▸ Exercise brief
All records below are to be set down exactly, each character intact.

Short descriptive text snippets
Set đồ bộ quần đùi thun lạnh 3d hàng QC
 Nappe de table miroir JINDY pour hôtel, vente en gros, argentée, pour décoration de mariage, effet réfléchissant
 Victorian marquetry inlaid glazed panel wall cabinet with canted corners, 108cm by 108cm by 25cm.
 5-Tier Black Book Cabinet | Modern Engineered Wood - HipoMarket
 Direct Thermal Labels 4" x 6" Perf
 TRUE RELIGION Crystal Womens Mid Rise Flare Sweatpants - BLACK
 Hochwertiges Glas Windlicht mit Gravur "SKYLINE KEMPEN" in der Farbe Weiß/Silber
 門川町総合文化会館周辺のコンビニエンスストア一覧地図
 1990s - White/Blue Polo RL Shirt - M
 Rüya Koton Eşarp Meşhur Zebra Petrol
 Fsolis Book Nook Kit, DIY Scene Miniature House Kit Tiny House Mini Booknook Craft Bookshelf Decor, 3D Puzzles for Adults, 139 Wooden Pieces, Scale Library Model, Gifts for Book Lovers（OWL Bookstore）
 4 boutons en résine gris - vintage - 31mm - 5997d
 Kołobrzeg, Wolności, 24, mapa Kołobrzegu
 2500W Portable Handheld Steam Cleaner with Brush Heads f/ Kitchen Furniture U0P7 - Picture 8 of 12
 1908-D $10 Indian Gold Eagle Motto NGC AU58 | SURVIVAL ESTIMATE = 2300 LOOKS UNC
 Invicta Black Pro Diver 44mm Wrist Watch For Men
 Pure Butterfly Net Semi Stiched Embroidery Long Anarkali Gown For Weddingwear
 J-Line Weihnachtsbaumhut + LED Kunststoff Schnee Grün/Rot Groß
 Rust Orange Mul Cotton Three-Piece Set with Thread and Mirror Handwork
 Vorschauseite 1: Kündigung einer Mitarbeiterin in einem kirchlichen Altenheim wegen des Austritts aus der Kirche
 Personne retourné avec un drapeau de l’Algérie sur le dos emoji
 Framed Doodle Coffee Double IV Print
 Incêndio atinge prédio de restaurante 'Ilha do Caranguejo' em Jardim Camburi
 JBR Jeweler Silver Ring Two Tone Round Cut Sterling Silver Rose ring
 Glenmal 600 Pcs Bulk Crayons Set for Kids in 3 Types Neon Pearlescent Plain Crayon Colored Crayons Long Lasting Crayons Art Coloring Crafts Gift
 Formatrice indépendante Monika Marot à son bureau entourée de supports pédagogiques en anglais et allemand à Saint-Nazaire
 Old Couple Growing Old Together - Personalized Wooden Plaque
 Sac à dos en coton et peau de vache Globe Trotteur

▸ Answer section
Set đồ bộ quần đùi thun lạnh 3d hàng QC
 Nappe de table miroir JINDY pour hôtel, vente en gros, argentée, pour décoration de mariage, effet réfléchissant
 Victorian marquetry inlaid glazed panel wall cabinet with canted corners, 108cm by 108cm by 25cm.
 5-Tier Black Book Cabinet | Modern Engineered Wood - HipoMarket
 Direct Thermal Labels 4" x 6" Perf
 TRUE RELIGION Crystal Womens Mid Rise Flare Sweatpants - BLACK
 Hochwertiges Glas Windlicht mit Gravur "SKYLINE KEMPEN" in der Farbe Weiß/Silber
 門川町総合文化会館周辺のコンビニエンスストア一覧地図
 1990s - White/Blue Polo RL Shirt - M
 Rüya Koton Eşarp Meşhur Zebra Petrol
 Fsolis Book Nook Kit, DIY Scene Miniature House Kit Tiny House Mini Booknook Craft Bookshelf Decor, 3D Puzzles for Adults, 139 Wooden Pieces, Scale Library Model, Gifts for Book Lovers（OWL Bookstore）
 4 boutons en résine gris - vintage - 31mm - 5997d
 Kołobrzeg, Wolności, 24, mapa Kołobrzegu
 2500W Portable Handheld Steam Cleaner with Brush Heads f/ Kitchen Furniture U0P7 - Picture 8 of 12
 1908-D $10 Indian Gold Eagle Motto NGC AU58 | SURVIVAL ESTIMATE = 2300 LOOKS UNC
 Invicta Black Pro Diver 44mm Wrist Watch For Men
 Pure Butterfly Net Semi Stiched Embroidery Long Anarkali Gown For Weddingwear
 J-Line Weihnachtsbaumhut + LED Kunststoff Schnee Grün/Rot Groß
 Rust Orange Mul Cotton Three-Piece Set with Thread and Mirror Handwork
 Vorschauseite 1: Kündigung einer Mitarbeiterin in einem kirchlichen Altenheim wegen des Austritts aus der Kirche
 Personne retourné avec un drapeau de l’Algérie sur le dos emoji
 Framed Doodle Coffee Double IV Print
 Incêndio atinge prédio de restaurante 'Ilha do Caranguejo' em Jardim Camburi
 JBR Jeweler Silver Ring Two Tone Round Cut Sterling Silver Rose ring
 Glenmal 600 Pcs Bulk Crayons Set for Kids in 3 Types Neon Pearlescent Plain Crayon Colored Crayons Long Lasting Crayons Art Coloring Crafts Gift
 Formatrice indépendante Monika Marot à son bureau entourée de supports pédagogiques en anglais et allemand à Saint-Nazaire
 Old Couple Growing Old Together - Personalized Wooden Plaque
 Sac à dos en coton et peau de vache Globe Trotteur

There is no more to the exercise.